The document segments the cash flows into three distinct but logical buckets: cash flow from operating activities, cash flows from investing activities and cash flows from financing activities. The state of cash flows is extremely important as it tends to be the most objective of the financial statements since cash is cash and harder to fudge.
Accounting and financial myths
Accounting is black and white – perhaps people believe that because accounting involves so many numbers and figures and is rules-based. It must be scientific and objective, unfortunately this just isn’t the case. There are number of estimates that pervade the financial statements and there is plenty of judgment and subjectivity involved in application of particular accounting rules.
There must be one important figure – People often assume that there must be one important figure that investors or others should look at to evaluate financial performance weather that figure is revenues net income earnings-per-share or something else. In fact, the most common question my accounting students ask is what’s the most important metric that they should look at within the financial statements.
Accounting in a company should have only one set of records – Having more than one set of books might sound like fraud but in fact is actually business as usual, but most organizations have at least two sets of accounting records one for creditors lenders and shareholders and the other for the tax authorities.

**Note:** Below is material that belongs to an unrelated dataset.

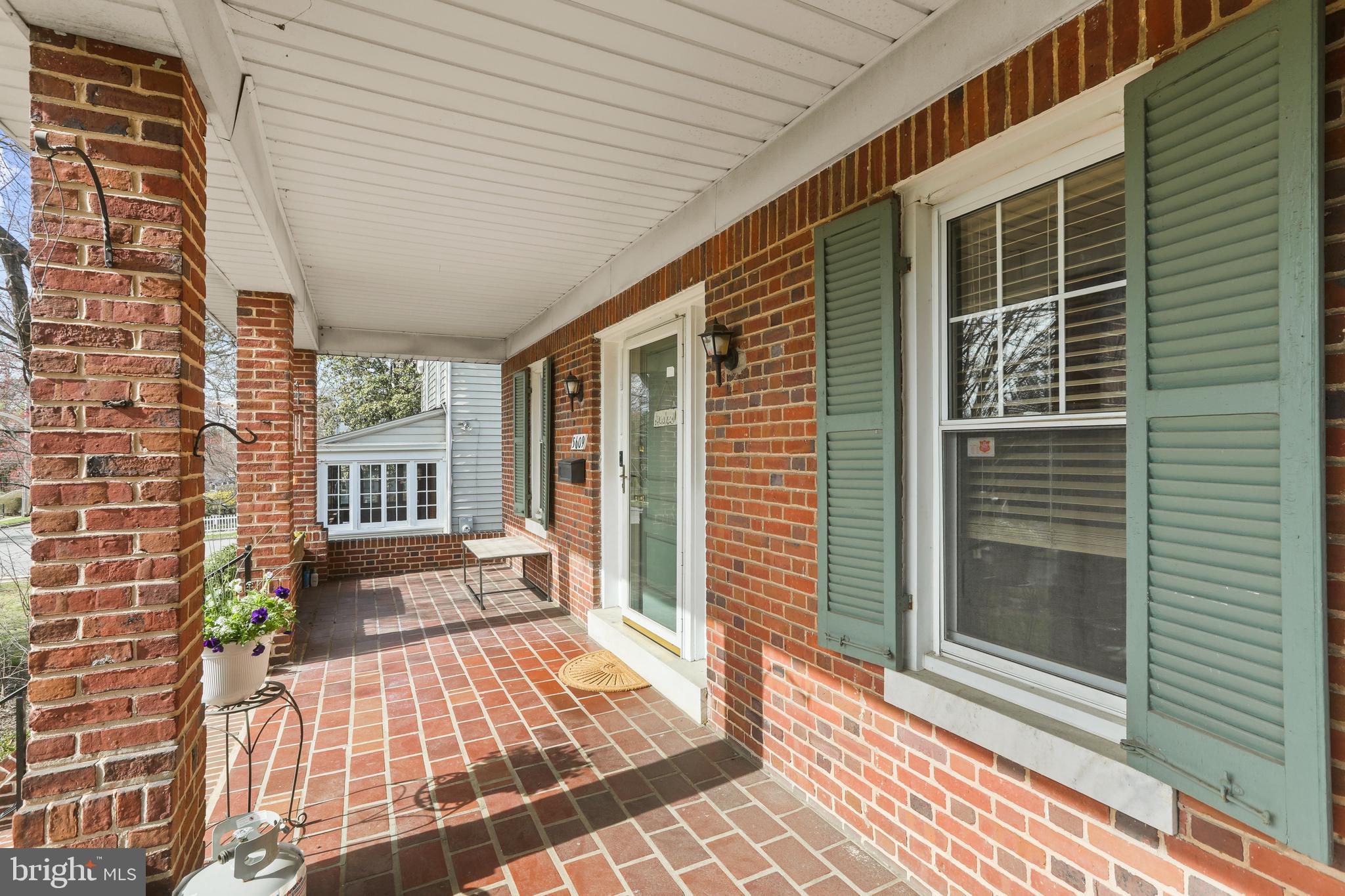 MOUNT WASHINGTON - Residential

Financial statements tell us how much a company or organization is actually worth – This is definitely inaccurate, since – for example – the balance sheet may indicate what a firm owns and owes but as we will discuss most assets are not reported at their fair market values and in fact some very valuable assets might be omitted from the balance sheet entirely.
Accounting and Finance Tools, an overview
- a company that is complying with generally accepted accounting principles must prepare five key financial statements: balance sheet income statement statement of cash flows statement of comprehensive income in the statement of shareholders equity;
- General Accountancy Practices require the use of accrual accounting, so reported profits are not equal to actual firm cashflows;
- because the application of General accountancy Practices require significant judgment and lots of subjectivity we need to closely examine and evaluate the financial statements of any organization we may be interested in;
- the financial statements provide important clues and critical data to help us value companies, but do not directly provide or disclose those values.